After about a dozen strides, I turned back to the beast, expecting to see the same dry surprise as before. I didn’t. Instead, I saw the beast’s cracked, white skull with the hood completely off.

Bitterness fell on my tongue. It coated my mouth with disgust. I felt power radiating from in front of me; I felt it washing off of the bone. Simply looking into its face forced my blood to run cold. Where I’d expected to see the same dry surprise as before, the same complete and utter shock, I saw confirmation of what I’d assumed before. An expression more terrifying than any other.

A smile.

The crooked, bony grin was perfect and horrid at the same time. It spawned a sense of worry deep within me that I rejected as unnatural. I was a warrior, a swordsman, a knight—I didn’t have time for worry. And yet, as I felt my gaze stay frozen on the beast, the dread only deepened.

It didn’t rush at me. It didn’t move to attack. It didn’t even reach for its scythe. For some reason, it seemed done with the fight. But even still, I would never let my guard down.

“Impressive display,” it said, words reaching my ears on the wind. I hadn’t seen its bony mouth move an inch.

“Thank you,” I replied through gritted teeth, unconsciously getting myself in a stance.

The beast noticed and raised a dismissive hand. “There is no need for that. I have no intention of keeping this up.” Its voice came like the concept of decay itself, forcing me to shudder as it ate my mind alive.

“Then what do we do now?” I asked, keeping my gaze as harsh as nails. My fingers curled around my blade’s loyal grip. I knew it was playing with me—I knew it was a trick, but I would never let my guard down.

The beast chuckled dryly. “You are special.”

I glared at the beast, barely avoiding its eyes. It was toying with me and I knew it. Why couldn’t I take advantage? Why couldn’t I just strike now? No, I told myself, dismissing the questions. It was smarter than that. It knew I wouldn’t let my guard down, and it wouldn’t let its guard down either.

“And?” was the only word I could muster in response.

“It would be a shame to let someone like you fall to the house of the dead.”

My gaze lifted, brows furrowing on my face. “What are you getting at?”

“I could give you another chance,” it said, the tone in its voice spawning hatred deep in my chest. Its smile all but dropped off its face as the force in its words made one thing abundantly clear.

It was serious.

My mind raced, remembering my younger form longing for more time by the sword. Would it really give me another chance?

“Yes,” it said, the dark words forcing hope out of my soul.

“What’s the catch?” I asked, my words escaping as nearly a hiss.

Its grin came back, more devilish than before.
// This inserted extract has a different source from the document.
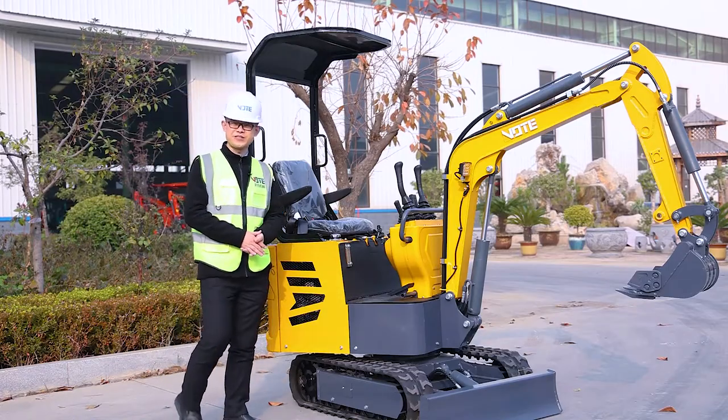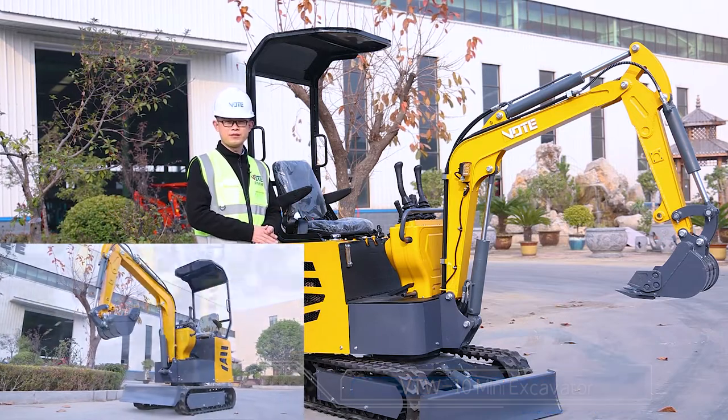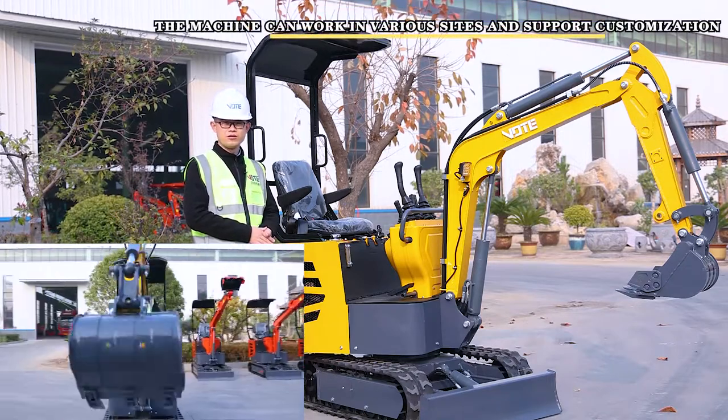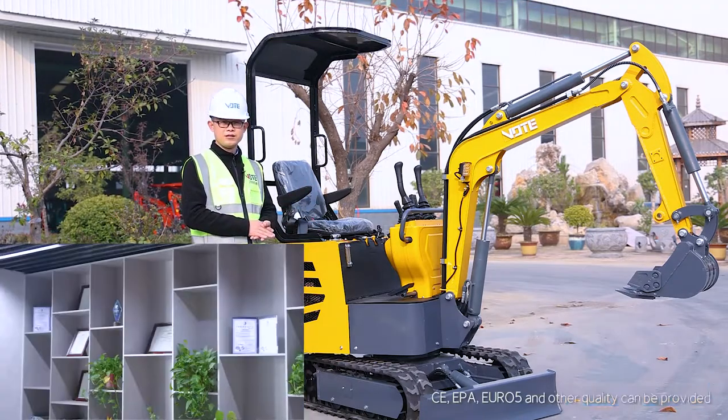Hello my friend, welcome to our factory. This is Nathan. Today we are talking about a one-ton mini excavator like this one. The shine yellow color — don't worry, we can do other colors as you want, not only this.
A chill ran down my spine. “You will have a different body. But you will retain your mind. Life would be more a curse if I were to take that from you.”

I considered the offer against all of my better judgment. The same instincts that were guiding my stance were screaming at me to stop. But, as I stared at the beast, the sunlight dancing on its cracked bone, I could find no fault in its intentions.

“What do I have to do?”

Its grin grew wider. “One touch and a new life is yours.”

Overcome by dark, sudden, inexorable urge, I agreed. As though manipulated by some outside force, the desperation in my mind preyed on memories and won out over my doubts before I could even get a word out. The reaper appeared next to me like another shot of ashen lightning.

Its finger approached my shoulder, cooling the air around it as it went. My grip tightened and my mind screamed, but it was already too late. The bony finger touched my skin and my body filled with an unnatural cold.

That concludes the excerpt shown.